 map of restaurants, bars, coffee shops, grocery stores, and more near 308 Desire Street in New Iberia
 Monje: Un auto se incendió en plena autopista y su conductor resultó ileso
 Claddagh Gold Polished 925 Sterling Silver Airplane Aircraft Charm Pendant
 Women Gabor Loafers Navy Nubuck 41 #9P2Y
○ ○ ○
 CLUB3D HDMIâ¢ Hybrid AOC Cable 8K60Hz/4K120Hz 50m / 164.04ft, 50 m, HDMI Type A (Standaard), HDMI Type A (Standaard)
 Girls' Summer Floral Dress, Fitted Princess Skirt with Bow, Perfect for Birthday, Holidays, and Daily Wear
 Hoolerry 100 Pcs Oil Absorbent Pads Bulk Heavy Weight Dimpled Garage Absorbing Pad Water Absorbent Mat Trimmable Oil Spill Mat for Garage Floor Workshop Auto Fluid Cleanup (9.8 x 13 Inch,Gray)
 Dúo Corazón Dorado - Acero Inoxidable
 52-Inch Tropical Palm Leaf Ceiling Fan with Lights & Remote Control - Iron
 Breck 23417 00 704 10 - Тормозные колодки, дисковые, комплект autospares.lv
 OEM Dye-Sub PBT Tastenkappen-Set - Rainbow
○ ○ ○
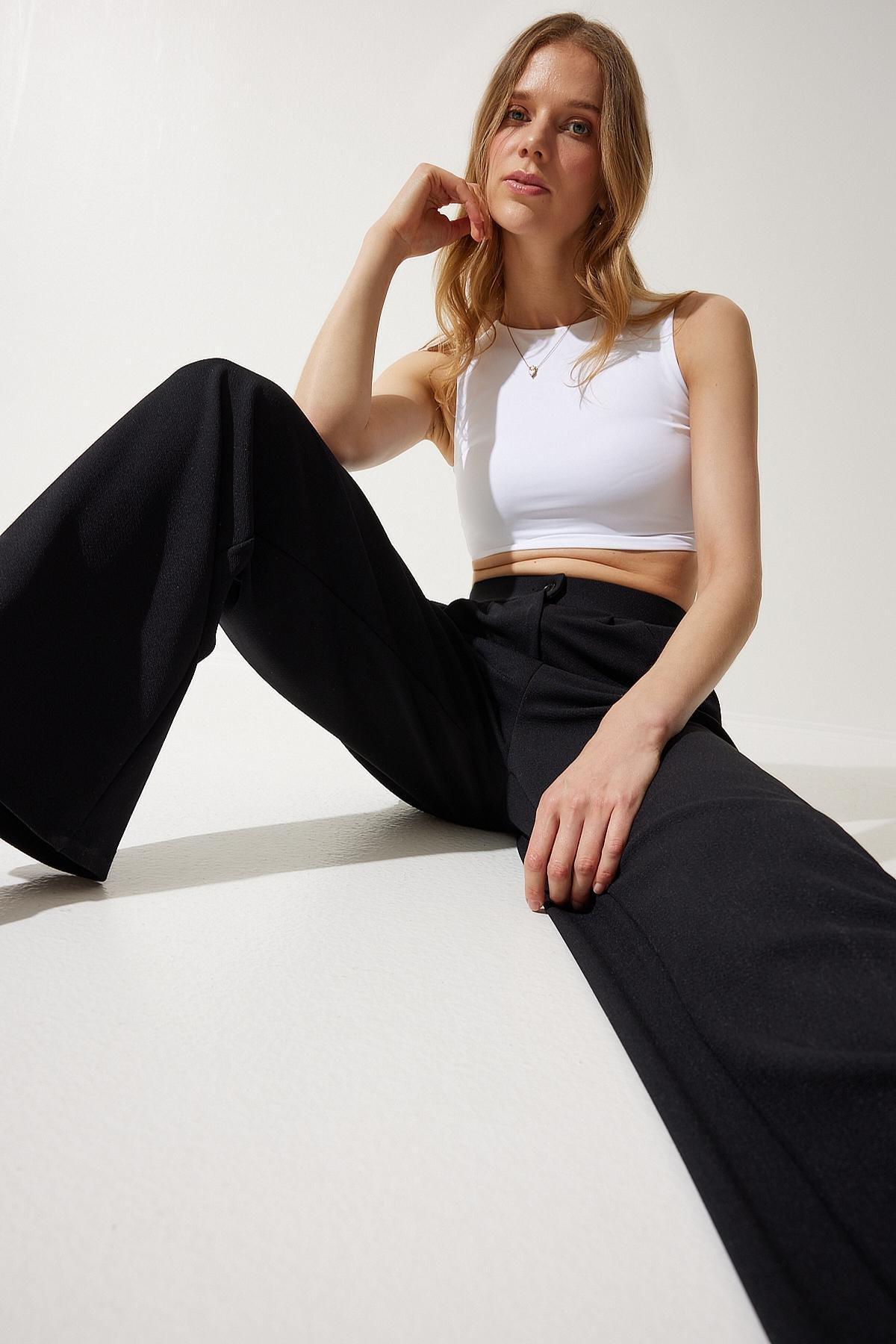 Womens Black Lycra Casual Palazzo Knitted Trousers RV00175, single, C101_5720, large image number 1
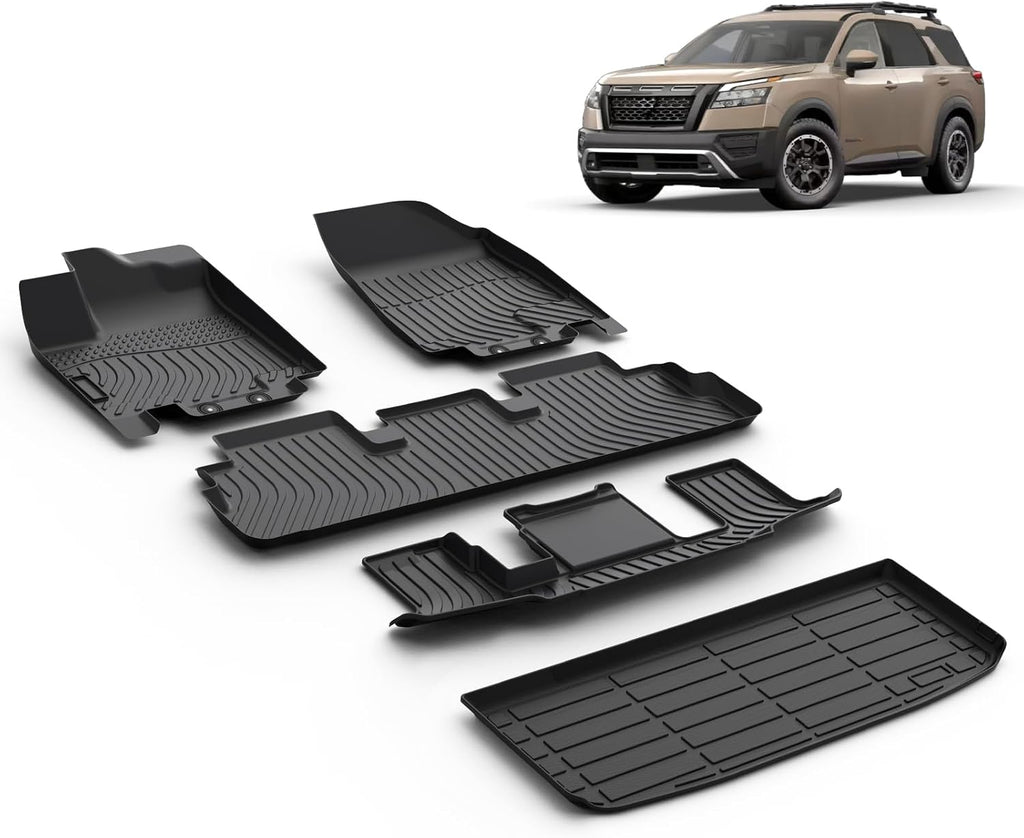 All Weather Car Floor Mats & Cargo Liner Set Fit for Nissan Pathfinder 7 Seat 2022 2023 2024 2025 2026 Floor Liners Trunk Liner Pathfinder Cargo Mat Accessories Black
○ ○ ○
### Task to carry out
Could you report how many lines of the listing contain the word "with"? Only the number is needed.

### Answer box
2